The Housing Chronicles Blog: Anatomy of a home builder's liquidation

Monday, December 8, 2008

Anatomy of a home builder's liquidation

Kimball Hill Homes CEO Ken Love recently laid out the plans to dismantle the nearly 40-year-old home building company to Builder magazine. What caught my eye (in bold) is that during bankruptcy they still managed to pay of 96% of their subs and suppliers. So how did they do that when I keep hearing tales of other builders stringing their vendors along for months at a time? Read on:

In an interview with BUILDER yesterday afternoon, Love laid out how Kimball Hill intends to close its operations, in three phases. Over the next 120 days, the company intends to complete 450 homes that are in various stages of construction, and deliver those homes to buyers. Within the next six months, Kimball Hill also hopes to be able to sell its 170 homes in inventory and 90 models. (It is returning deposits to around 100 buyers of homes that hadn't been started.)

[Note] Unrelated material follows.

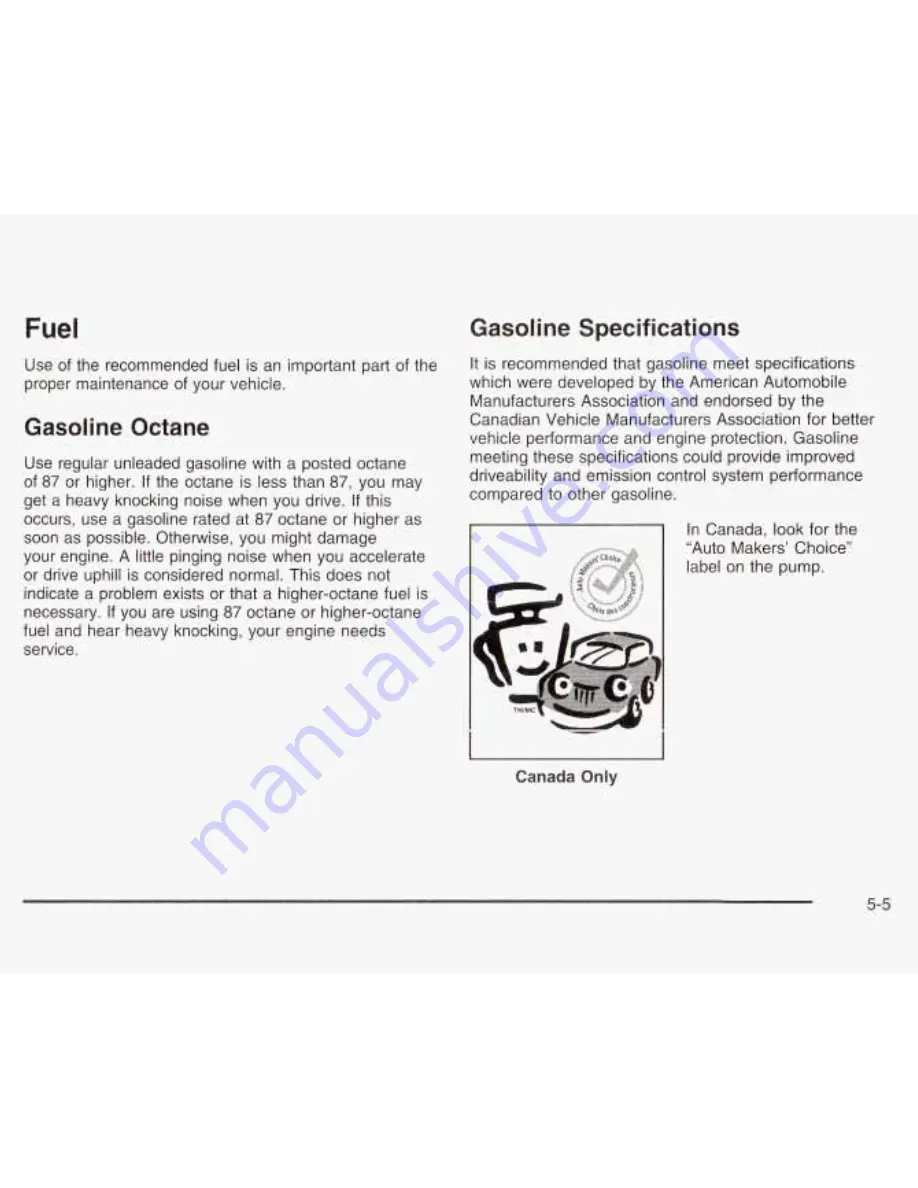 Chevrolet 2003 Impala Owner'S Manual Download Page 258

During the second phases, which will happen simultaneously with the first, Kimball Hill will attempt to "monetize" its land and other assets. As of October 31, the company had 66 owned communities in which there are 3,018 finished lots, 419 lots under development, and 3,740 "paper," or raw, lots. Love says that he would prefer to sell off these assets in bulk to one or a few buyers, even though he admits the demand for land right now is soft. "The gap between bid and ask has widened," he observes. That being said, he believes there are investors looking to buy land they can hold on to for a number of years until market conditions improve. However, if Kimball Hill can't find a single buyer for its real estate, it will sell off assets individually over the next 15 months.

Phase three will involve tying up loose ends, like pending lawsuits. But unlike most other bankruptcies, Kimball Hill is not saddled with a blizzard of mechanics liens. "We’re very proud of what we did during the Chapter 11," says Love, whose company set up a pre-petition liability fund that, to date, has repaid 96 percent of its trade partners and product suppliers. Love notes as well that as employees are laid off, each will receive a "fair" severance that is based on their levels of responsibility and tenure with the company. (Kimball Hill still has $35 million in debtor-in-possession financing it can draw on, as well as cash from the sale of its homes.)

For those people who think it's simply a formality for new home builders to take the place of companies like Kimball Hill because they're essentially 'all the same,' I can assure you many companies would not have acted this fairly and decently towards suppliers/subs and employees.

1 comment:

Leon said...

I brought a home form Kimball Hill in 2004. Do I still have a warranty?